Abstract. The recent market success of in-car navigation systems creates the opportunity to investigate the appropriation of location-aware systems outside laboratory settings. Through ethnographical lenses, we study how this technology changed the practice of a massive community of its early adopters, the taxi drivers of Barcelona (Spain) and, specifically, their exploitation of pervasive geoinformation. The results show co-evolution: taxi drivers adapt to their in-car navigation systems and adapt them to their needs; in particular, there are evidences of an alteration of the learning processes and of technology appropriation to reduce stress rather than to improve efficiency. We argue that these findings can inform the design of next generation location-based services.

Barcelona Taxi Driver Interplay
The interplay between a sat-nav and a city guide. Barcelona, June 2008.

Why do I blog this: Last article of my PhD thesis to be accepted. In this study I particularly learned how to a) design a qualitative data collection procedure and b) analyze and interpret the notes, videos and photos.

Mapping Contemporary Cities at Laboral

Posted: March 6th, 2010 | No Comments »

Next Wednesday (March 10, 2010), will take place a seminar on Mapping Contemporary Cities at Laboral in Gijón, Spain. The event will gather practitioners active in hard urban realities, soft urban infrastructures and information visualization. Beyond cross-disciplinary pollination, the aim will be to develop innovative work in understanding, representing, mapping, communicating metropolitan areas that gather all the indicators of a city without featuring a dense urban fabric.
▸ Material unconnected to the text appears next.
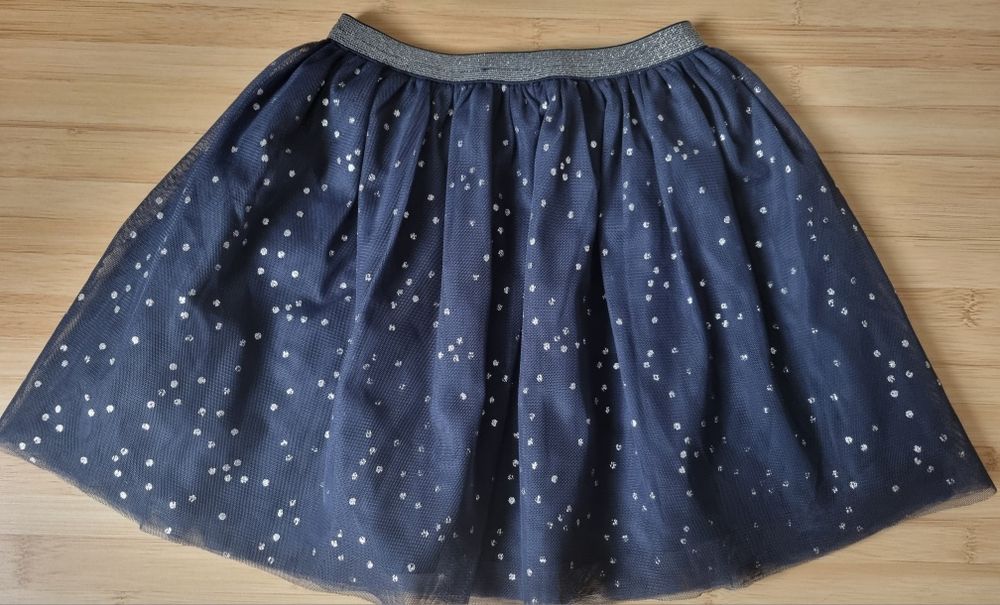 Fustita scoala cu tulle bleumarin si buline argintii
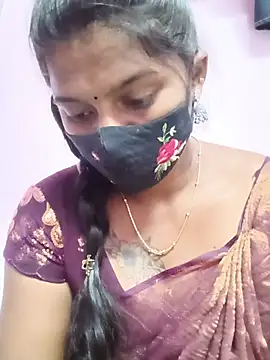 CuteDevilAnu webcam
It is particularly the case of the polycentric urban area in Central Asturias, Spain formed by three mid-size cities acting as one metropolis with its specific patterns of mobility, high car use, increase of express bus and train lines, dense information networks, and new attraction points as shopping centers or industrial land. Being able to channel the strategies of several urban entities into one metropolis is a major challenge for politicians, decisions-makers, infrastructure owner and service providers.

I was inspired by a talk of Antoine Picon (Towards a City of Events: Digital Media and Urbanity) and the extensive work of Fermín Rodríguez Gutiérrez on Ciudad Astur to setup and frame the event:

Mapping Contemporary Cities (en español):

Urban mapping is a mean to lead us to explore further what is happening today in the urban realm. In the Renaissance, many maps were about presenting the portrait of the city, its physiognomy, like a person, and its main monuments. Later, in the seventeenth and eighteenth centuries, maps were more and more often about urban geometry. In the nineteenth century, maps conveyed notions about new dimensions of the city like its networks (e.g. sewer maps, state of traffic). Nowadays, with the complexity of cities and their invisible soft infrastructures, even their centers have become hard to understand using the traditional means of cartography.

Simultaneously, digital media is changing the city as we experience it but also as we understand it. Tools and crawlers can now absorb new vast amount of data and represent it again through maps. While these tools help engineers, planners, geographers, decision makers, civil servants, inhabitants capture the city at a glance, they also make us aware of the limitation and imperfection of the transformation of the information. Does the digital bring us cities that are move visible and cognitively understandable? Can it help reveal cities such as Ciudad Astur with no visible urban homogeneity but strong invisible indicators of a metropolitan area?

To explore these questions, this seminar gathers practitioners active in the hard urban reality, digital cities and information visualization.

Pet project
An effort of mapping “invisible cities”, here the work of CeCodet on Ciudad Astur in the book “El área metropolitana de Asturias. Ciudad Astur: el nacimiento de una estrella urbana en Europa“.

Thanks to LABoral Centro de Arte y Creación Industrial for generously supporting this event.